And there’s the nub of it – through the simple mediums of play, make-believe, rhyme and song, Grans, as we called her, laid the foundations of who I was going to be.

In a world where there is so much debate on punishment and parenting styles, I can’t believe how lucky I was.

Living in Green Point when I was four, the Cape winters would pull in off the Atlantic and keep us pretty much indoors. No problem for a woman who had been raised in rainy London. While Grans cooked, mended and ran a guesthouse, she involved me in everything. I made my first (much pummeled and slightly grey) sausage roll that winter, I got a chance to use the iron under strict supervision, and I was always put on guard to check whether the Yorkshire pudding was rising.

But besides domestic chores, Grans would lay down a square of tissue paper and, starting at one corner, have me scrunch it up with my toes. Then she would have me balance books on my head and reward me with a biscuit if I could walk the entire length of the hall. Who knew that I was learning correct posture, co-ordination and balance?

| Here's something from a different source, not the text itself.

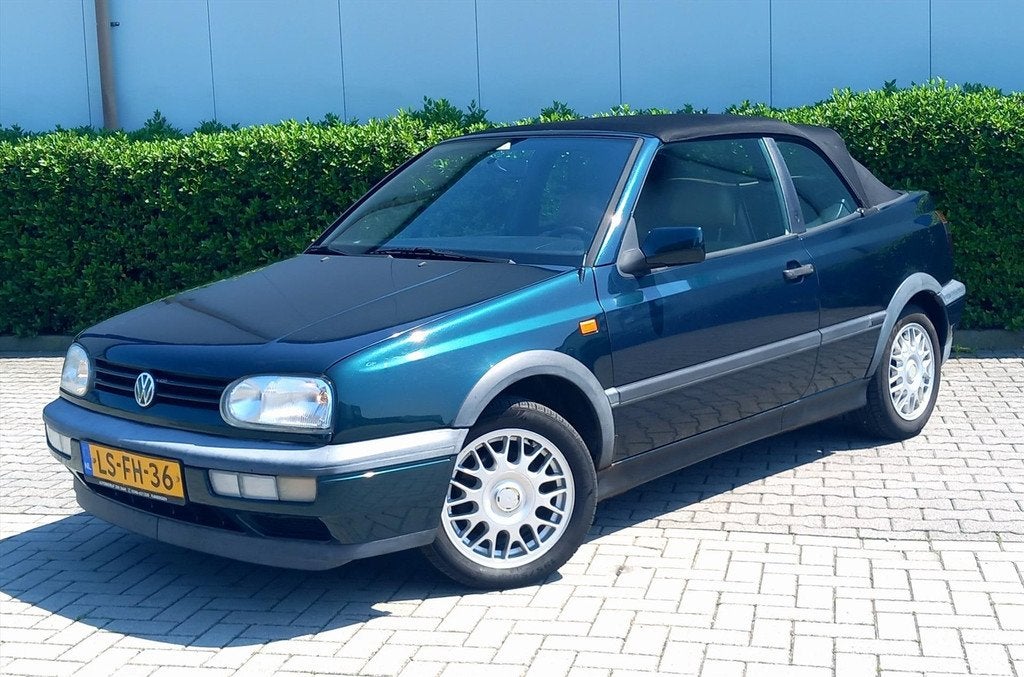 VOLKSWAGEN Golf 2.0 CABRIOLET 85KW Avantgarde, Auto's, Beige, 116 pk, Handgeschakeld, Groen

Ma’am, it’s time to retire to bed

On other days we’d pretend we were the Royal family and she’d teach me how to walk, curtsey, how to enter and leave a room, how to address the Queen and various dignitaries. Sometimes we’d pretend that we were having the Royals to dinner and Grans would show me how to lay the table, how to serve and remove, how to pour, and how to use the bewildering array of cutlery. It was immense fun being addressed as ‘Your Highness’ while being taught to move your soup spoon outwards, and not slurp!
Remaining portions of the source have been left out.